__Aim of the exercise__: Copy each line below exactly and leave the pictures out.

------ Given data ------

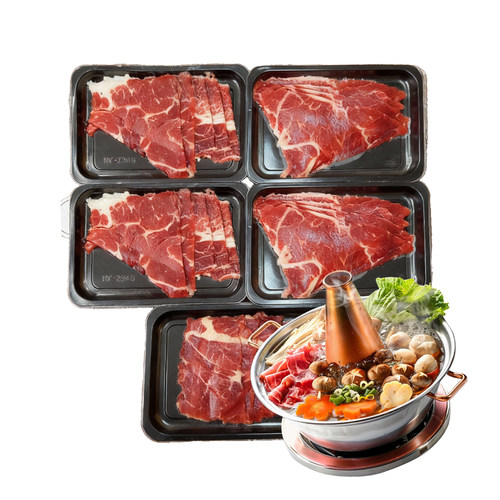 佳吉诚品原切谷饲牛肉片150g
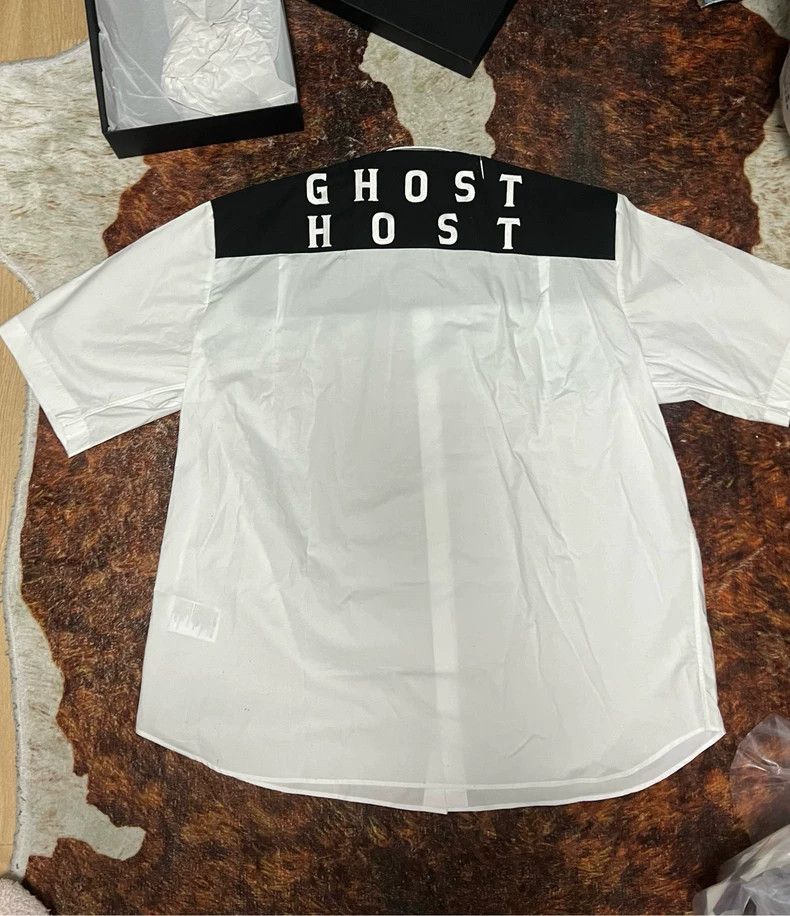 Raf Simons Raf Simons Black and White Short Sleeve Shirt Size US M / EU 48-50 / 2 - 3 Thumbnail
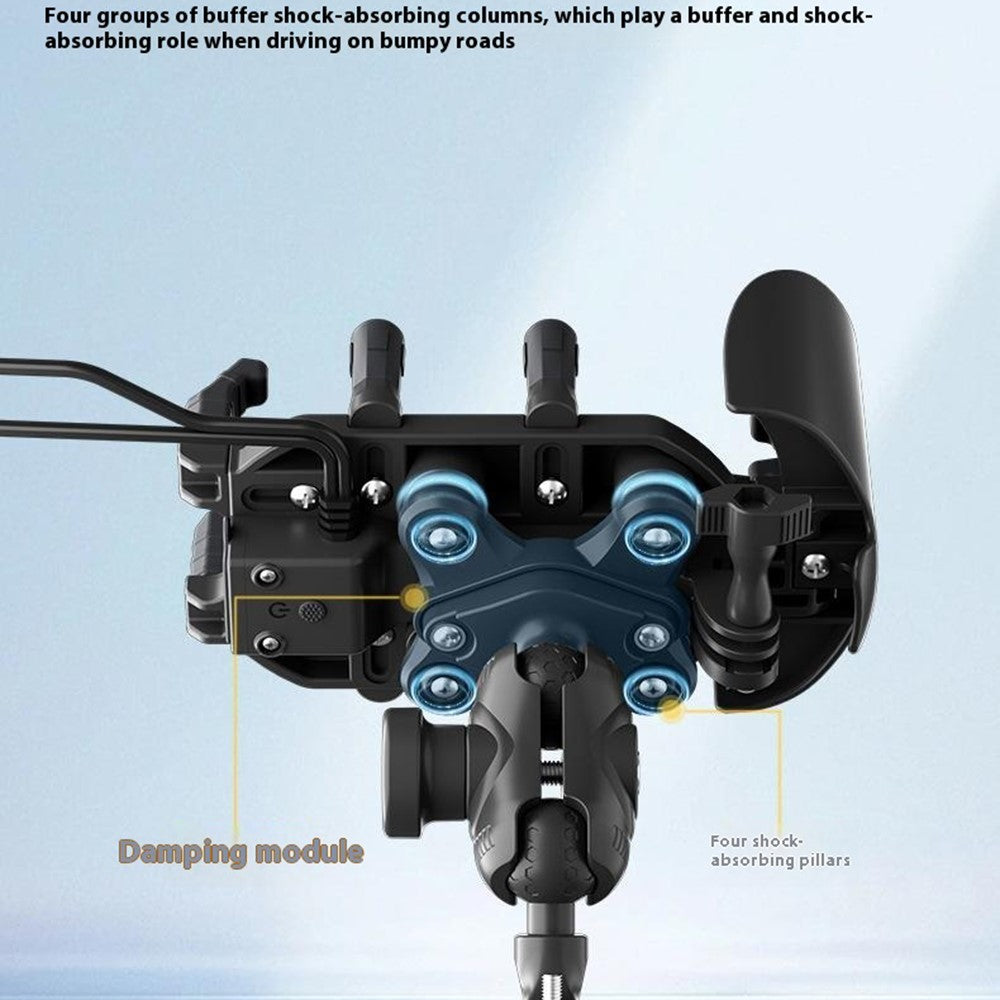 WUPP CS-2056A2 Motorcycle Phone Mount – image 8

------

__Answer space__:
 佳吉诚品原切谷饲牛肉片150g
 Raf Simons Raf Simons Black and White Short Sleeve Shirt Size US M / EU 48-50 / 2 - 3 Thumbnail
 WUPP CS-2056A2 Motorcycle Phone Mount – image 8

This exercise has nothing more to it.